The overall CVD analyses were separately stratified by average duration of follow‐up, risk of bias, level of adjustment, year of publication, and population (Table S10). There was no evidence that risk estimates varied between strata, and there remained evidence of heterogeneity in most categories after stratification.
Small Study Effects
The funnel plot for overall CVD risk after GH in the first pregnancy did not show evidence of asymmetry (Egger test, P=0.935) (Figure S4). The funnel plot for a history of GH and overall CVD risk indicated potential asymmetry (P=0.051), with publications of small studies with null or negative effect estimates missing (Figure S5). Use of the trim‐and‐fill method resulted in a RR of 1.26 (95% CI, 1.15–1.39). The funnel plot for a history of GH and risk of any stroke outcome did not show evidence of asymmetry (P=0.382) (Figure S6).
DISCUSSION
This systematic review found that women previously diagnosed with GH had a greater risk of overall CVD, CHD, and heart failure and some indication of a greater risk of stroke as well.

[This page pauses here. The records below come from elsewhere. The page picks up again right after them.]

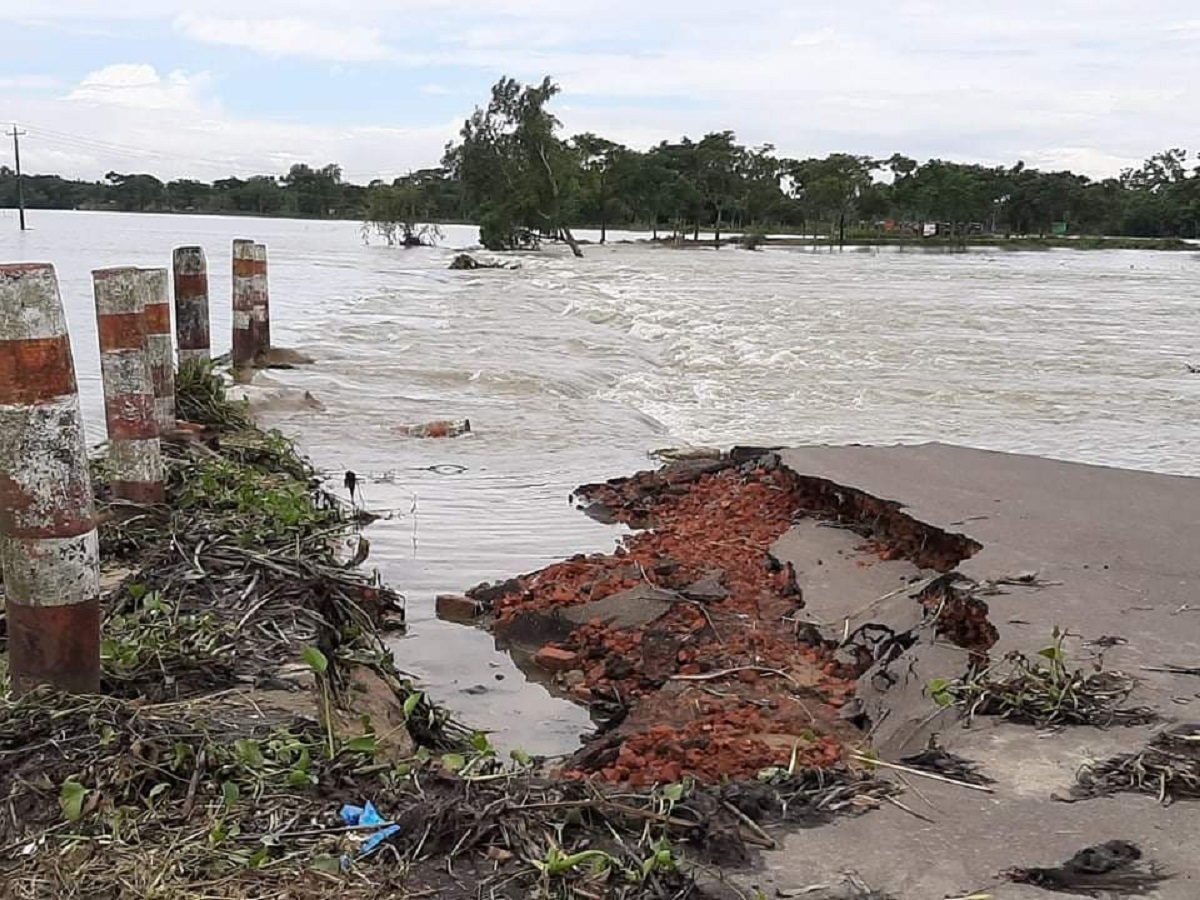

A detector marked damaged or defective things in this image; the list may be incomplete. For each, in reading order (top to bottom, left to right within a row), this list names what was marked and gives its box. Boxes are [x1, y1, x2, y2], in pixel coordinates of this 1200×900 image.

peeling paint on post [92, 267, 164, 508]
peeling paint on post [141, 267, 175, 434]
peeling paint on post [172, 244, 210, 367]
peeling paint on post [231, 240, 258, 374]
peeling paint on post [253, 247, 272, 362]
peeling paint on post [0, 262, 101, 696]
damaged road [453, 444, 1195, 900]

This study adds to the literature on the relationship between women's obstetric history and risk of cardiovascular events. A single previous review evaluated cardiovascular events after GH42 however, they focused on morbidity from CVD and cerebrovascular disease only. Our findings substantially build on it providing a comprehensive, holistic review of the risk of fatal and nonfatal cardiovascular events after GH.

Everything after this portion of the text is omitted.